Many thanks for the pictures!


----------



## vegeta2802 (Sep 24, 2006)

well i win have more pictures of my baby birds as they get biger
and thank you for the coments


----------



## Lovebirds (Sep 6, 2002)

vegeta2802 said:


> well i win have more pictures of my baby birds as they get biger
> and thank you for the coments



They are so cute........so........is this a lot of pictures of a few babies? or is this a lot of pictures of a lot of babies?? OH, and pictures 34,35,36,37, etc.......what is the little bald looking baby? Is that a dove? And is that it's sibling beside it? I don't think I've ever seen one that didn't have any fuzz on it's head...........


----------



## vegeta2802 (Sep 24, 2006)

win you fist go in the gallery click on the pictures and under it there is the date and under that there is what type of bird it is and how old they are.
so 34 is 4th day doves.
there is 2 doves 1 pigeon

o and as you can see in the last pic of the babys one is a white baby and one is brown
the pigeon is 2 day younger then the doves and is still its yellow


----------



## Baby Goose (Oct 10, 2006)

*Oh Goodness!*

They are so sweet. I just want to love them. Keep the pictures rolling as they change so fast, I cant wait to see what they look like in 30 days with lots of feathers. 
SO CUTE!


----------



## Feather (Dec 8, 2005)

Wow!! It looks like heaven to me.

Feather


----------



## vegeta2802 (Sep 24, 2006)

hi again 
do you know a site i can ues to put the pictures and info on.


----------



## Skyeking (Jan 17, 2003)

vegeta2802 said:


> hi again
> do you know a site i can ues to put the pictures and info on.

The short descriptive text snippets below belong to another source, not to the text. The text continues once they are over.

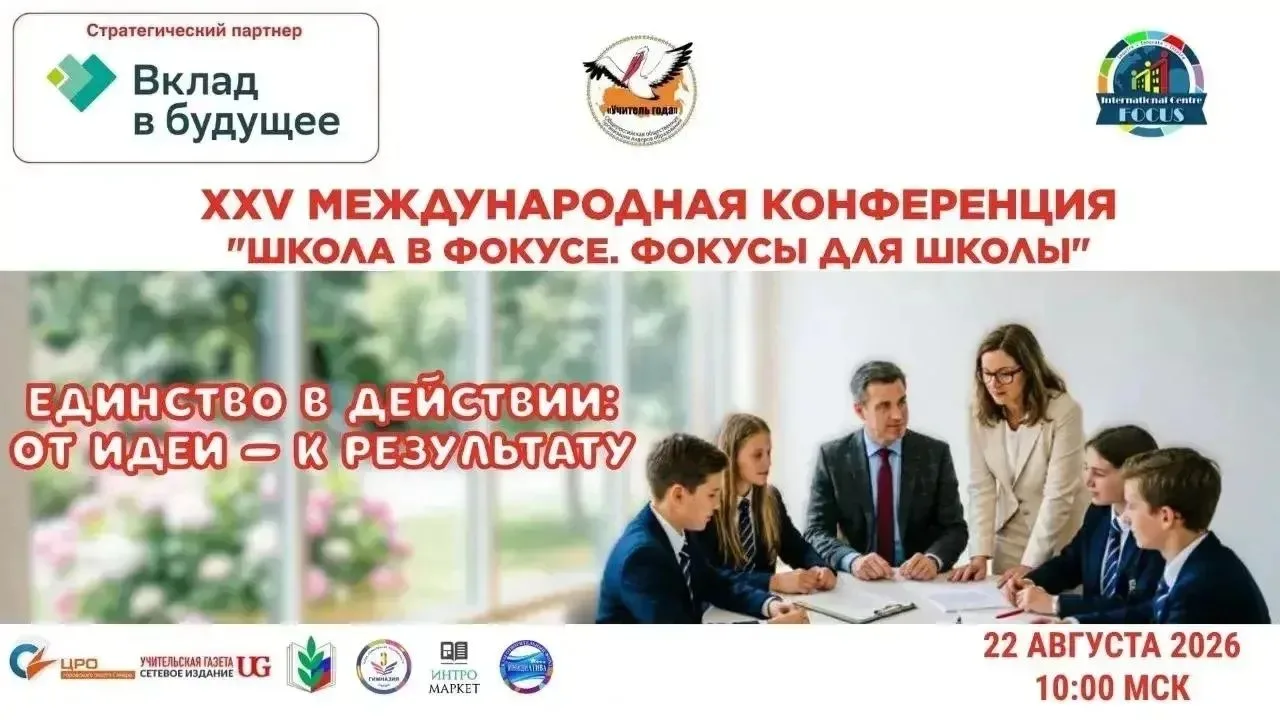 ⏳ До XXV Международной конференции «Школа в ФОКУСе. Фокусы для школы» — всего 3 дня!
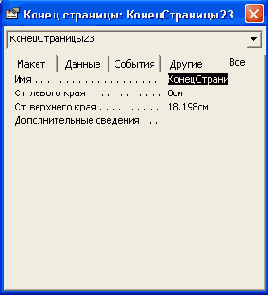 ������������� �������� ������ ��������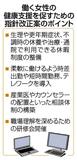 働く女性支援へ新指針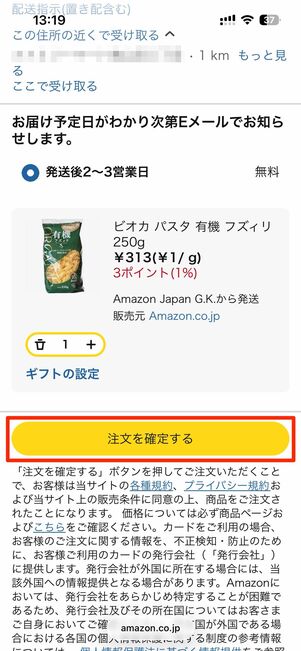 「一時的に在庫切れ」商品を購入する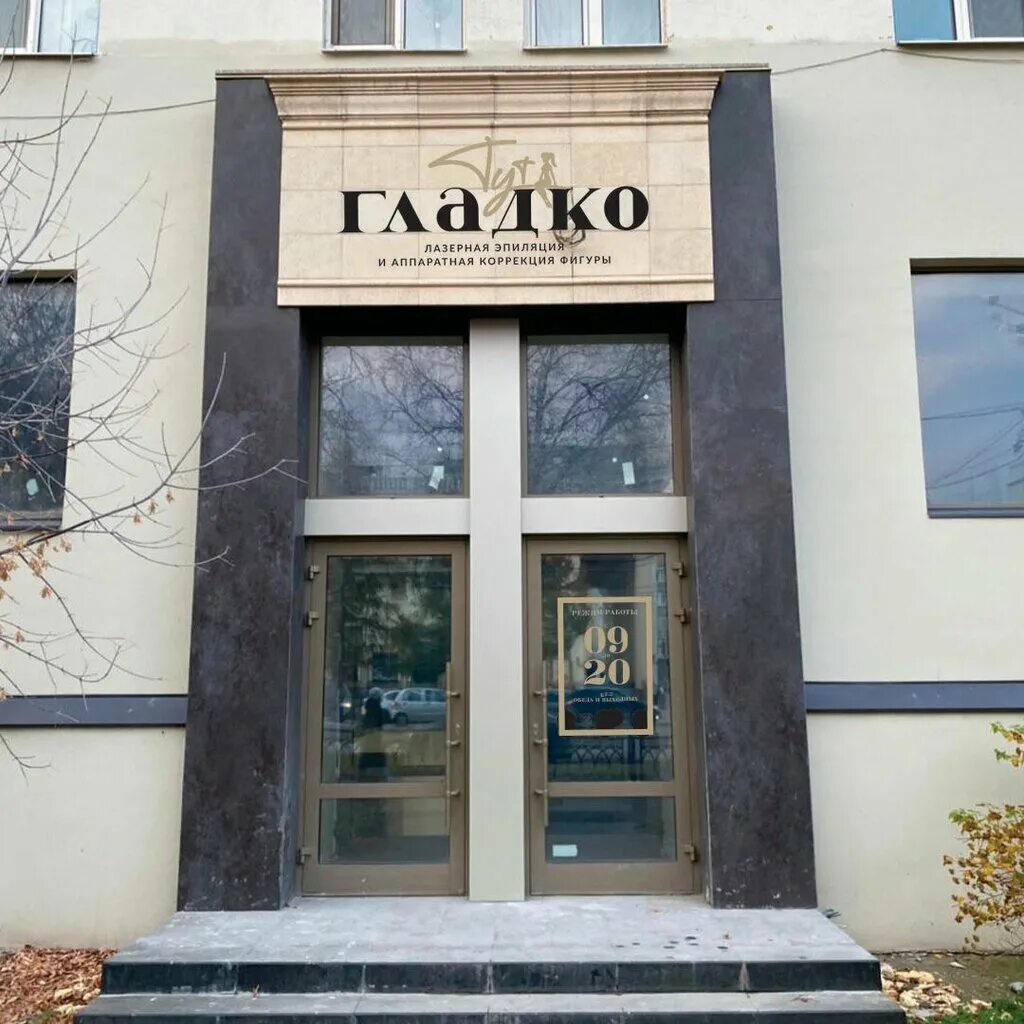 Тут гладко. Ленина 36 нижний тагил. проспект ленина 36 нижний тагил. тут гладко нижний тагил ленина 36. ленина 36 нижний тагил на карте.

You can use the following:

http://community.webshots.com/myphotos


----------



## vegeta2802 (Sep 24, 2006)

thank you for the site


----------



## vegeta2802 (Sep 24, 2006)

i added new pic of my babys


----------



## TAWhatley (Mar 6, 2001)

vegeta2802 said:


> i added new pic of my babys


Are the new pics on the aol site you posted the link for on the 12th or somewhere else?

Terry


----------



## vegeta2802 (Sep 24, 2006)

o sorry here is the new site

http://community.webshots.com/user/vegeta2802


----------



## TAWhatley (Mar 6, 2001)

vegeta2802 said:


> o sorry here is the new site
> 
> http://community.webshots.com/user/vegeta2802


Thanks! You've got a lot of really great photos there! I hope you'll let us know when new ones are added.

Terry


----------



## vegeta2802 (Sep 24, 2006)

i will i just added some new pic to day of the fantails, the baby pigeon and the baby doves and i made the new album with the pigeon and dove babys 
called pigeon and dove babys 

every pic in pigeon and dove babys was from to day 

Pije and Kanna's 1st baby the new pics are the 12th days and again i tock them to day

and in Stratus and Roes's 1st baby... the new pic for to day is the 14th days


----------